In a deal that has shocked the markets, Facebook has agreed to spend $19bn in order to acquire the mobile messaging start-up WhatsApp, which has enjoyed a meteoric rise over the past five years. With 450 million users, the subscription-based service is currently acquiring another million every day; what is more, it is particularly popular with young people – just the demographic Facebook has been struggling to connect with.
Describing the smaller company as “incredibly valuable”, Mark Zuckerberg went on to say that he is excited to partner with its co-creator Jan Koum, who is apparently an old friend, to “make the world more open and connected”. Koum will now join Facebook’s board of directors. Facebook has asserted that it intends to run WhatsApp as a stand-alone project, as it has done with Instagram; however, as it is still unclear how it expects to make serious money out of the latter, there are suspicions that Facebook is looking for ways to use both to filter new users through to its main product. Part of WhatsApp’s job may now be to make Facebook look cool again.
According to Zuckerberg, this deal was made after just 11 days of negotiation. It has been paid for with a mixture of cash and stock. The cost per user is $9 higher than anyone has paid before – at least at this level – and it is thought to reflect Facebook’s anxiety about getting a grip on the mobile communications network. Notoriously poor at the communications side of managing online interaction, Facebook may in part see WhatsApp as a learning opportunity; it may also have been motivated by concern that if it did not snap up this particular hot product quickly, somebody else would. To assure the WhatsApp team of its sincerity, Facebook has pledged a gift of $2bn even if the deal falls through.
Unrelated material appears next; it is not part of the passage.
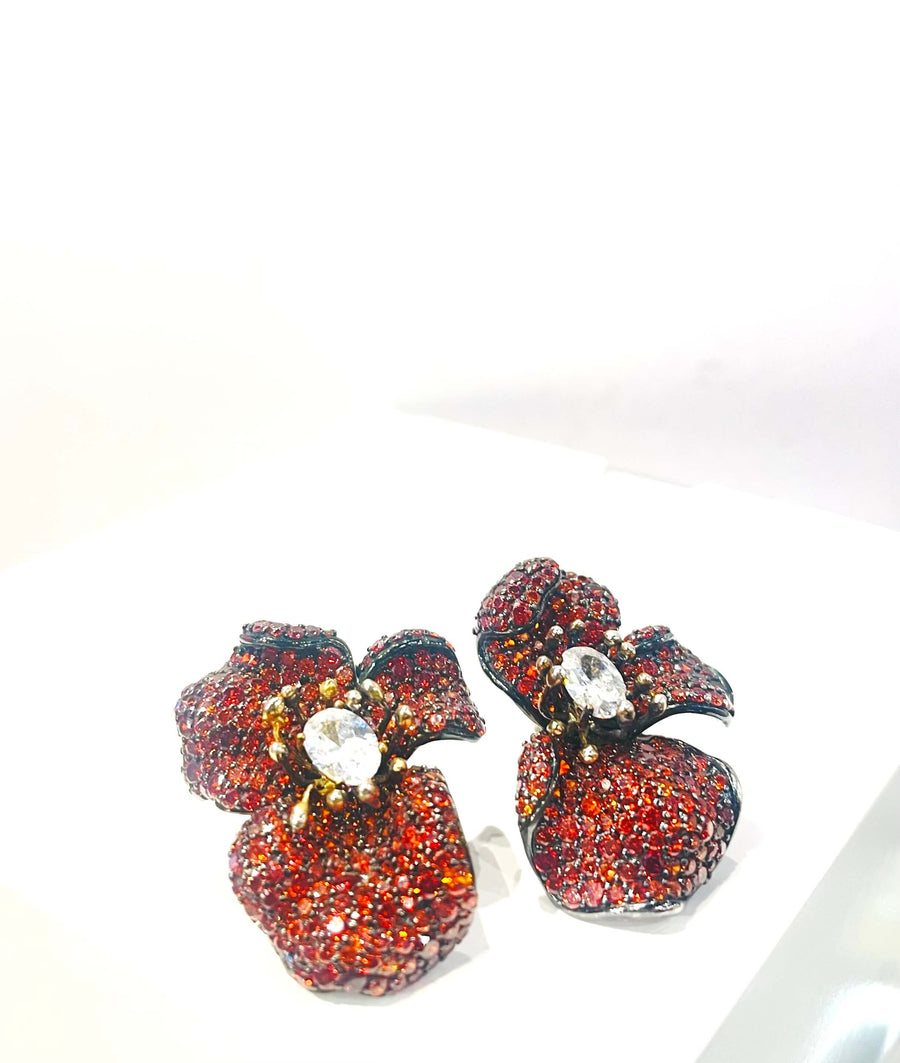 Orange Flower Bloom Earrings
There is one party that may be left feeling awkward in the aftermath of this deal and this is Snapchat, for which Facebook offered a mere $3bn last year. Staff at WhatsApp are likely to be happy, as some of the money from the deal is being distributed among them – and there are only 50 of them.
Some commentators have suggested that what Facebook is really doing is trying to buy up successful young companies with the potential to outdo it in certain markets and with which it does not have the expertise to compete. Whether Koum’s involvement will make it a more effective competitor remains to be seen.